▶ _STORED DATA_
================

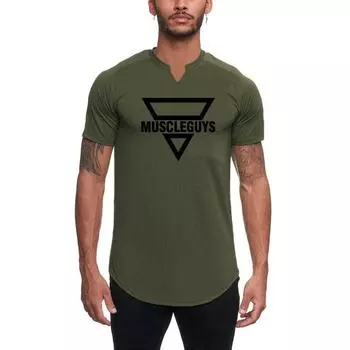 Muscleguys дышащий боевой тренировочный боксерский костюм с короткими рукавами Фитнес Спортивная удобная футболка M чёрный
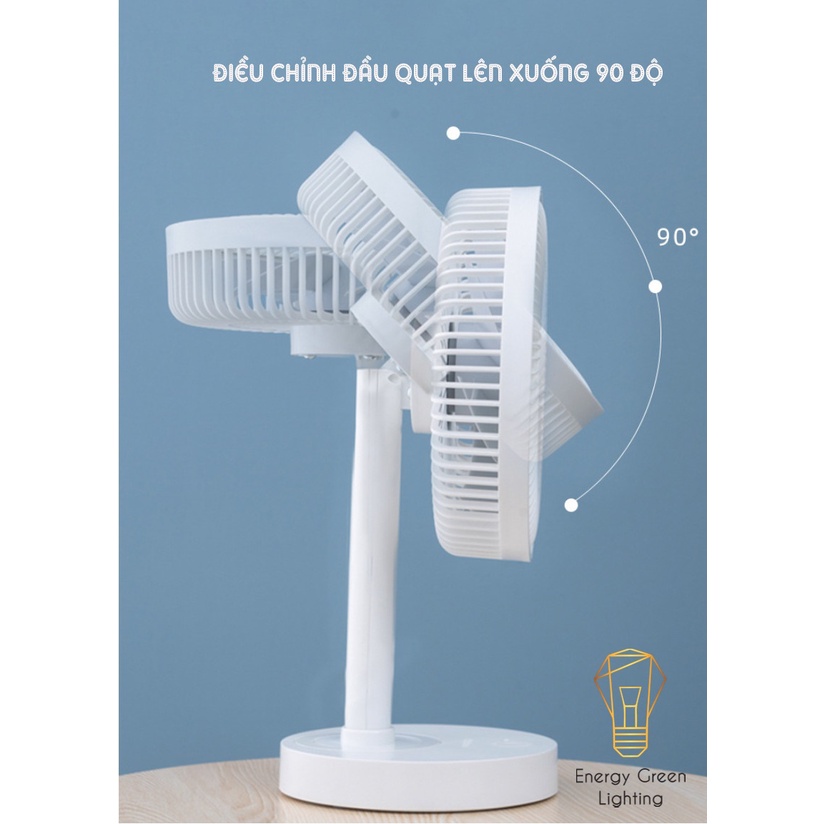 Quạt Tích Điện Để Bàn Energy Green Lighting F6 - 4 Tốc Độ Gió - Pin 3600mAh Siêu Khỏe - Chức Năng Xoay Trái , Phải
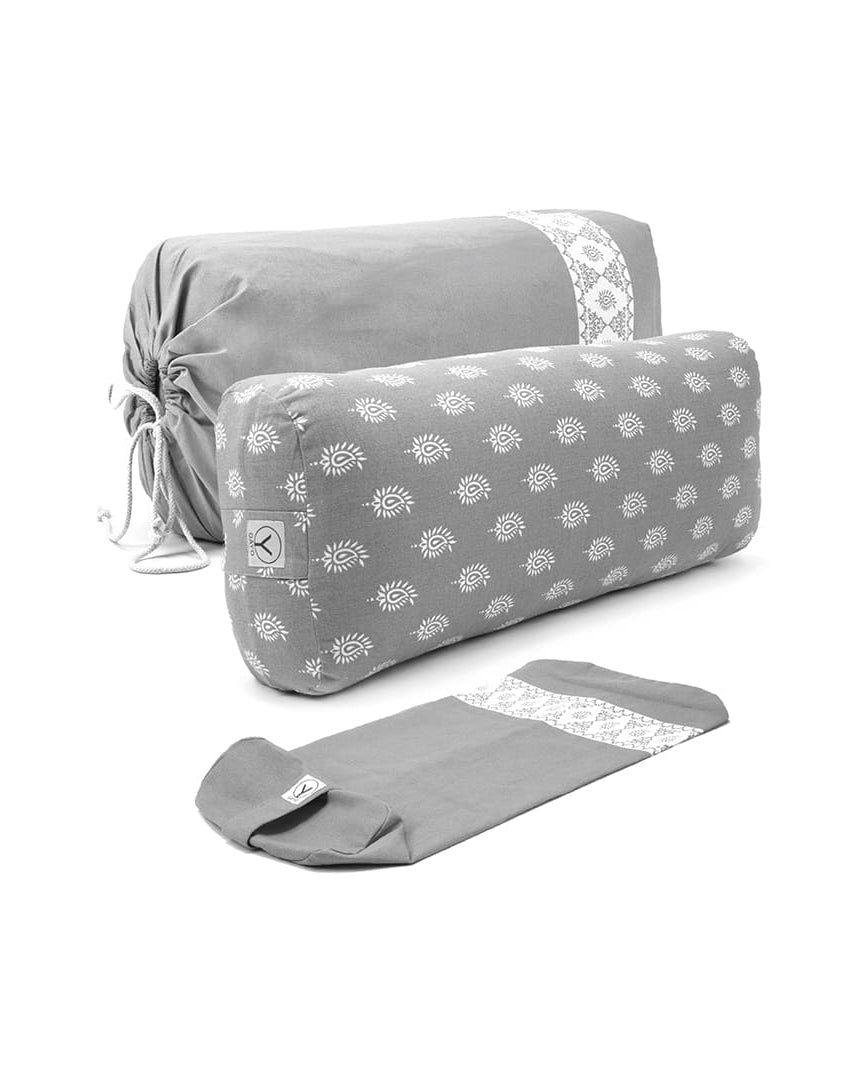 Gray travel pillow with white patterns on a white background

================

▶ _WORK TASK_
When you reproduce the data shown above, keep each line exact and omit every picture.

▶ _REPLY TO THE EXERCISE_
 Muscleguys дышащий боевой тренировочный боксерский костюм с короткими рукавами Фитнес Спортивная удобная футболка M чёрный
 Quạt Tích Điện Để Bàn Energy Green Lighting F6 - 4 Tốc Độ Gió - Pin 3600mAh Siêu Khỏe - Chức Năng Xoay Trái , Phải
 Gray travel pillow with white patterns on a white background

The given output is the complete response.